Des initiatives comme l’African Private Equity and Venture Capital Association (AVCA) ou les programmes spécialisés dans les business schools africaines participent déjà à cet effort.

2. Renforcer l’interconnexion des fonds africains

Les acteurs doivent collaborer davantage, mutualiser leurs expertises et co-investir dans des projets transfrontaliers. Une véritable finance panafricaine ne peut exister sans alliances entre l’Afrique de l’Ouest, du Nord, de l’Est et du Sud.

3. Mobiliser les capitaux dormants

Épargne des ménages, excédents d’entreprises publiques, budgets innovation et contributions des diasporas peuvent être réorientés vers des fonds africains bien gouvernés et transparents.

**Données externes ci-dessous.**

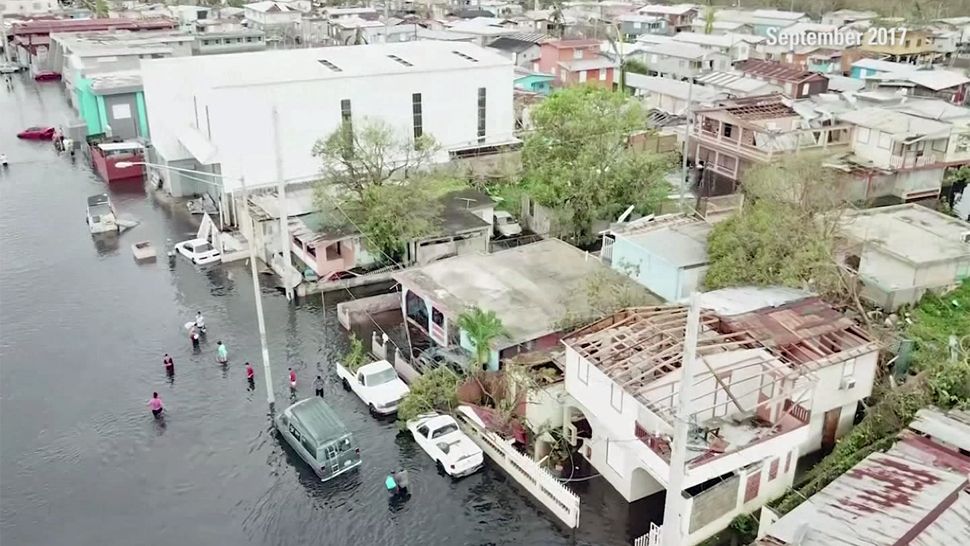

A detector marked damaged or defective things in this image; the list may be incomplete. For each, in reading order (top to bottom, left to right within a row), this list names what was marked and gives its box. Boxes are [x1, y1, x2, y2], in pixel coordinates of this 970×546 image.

rusty metal roof [764, 450, 968, 544]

Le rôle clé des États africains

Les gouvernements ont une responsabilité stratégique. Ils peuvent :

  • créer des incitations fiscales pour encourager l’investissement local,

  • faciliter la titrisations de créances,

  • stimuler l’épargne à long terme via les caisses de retraite et assurances.

Ces mesures renforceraient la capitalisation des fonds souverains et stratégiques africains.


Vers une finance panafricaine souveraine et inclusive

La question n’est pas seulement économique mais aussi politique.
Une finance contrôlée par l’Afrique pour financer les solutions africaines représente une étape vers l’indépendance réelle et le développement autocentré.

Dans un contexte mondial incertain, où les financements internationaux se raréfient, l’Afrique doit bâtir ses propres outils financiers. Les fonds africains, bien structurés et enracinés, peuvent devenir ces leviers.
À condition de ne pas copier des modèles étrangers, mais de construire une finance utile, souveraine et alignée sur les aspirations du continent.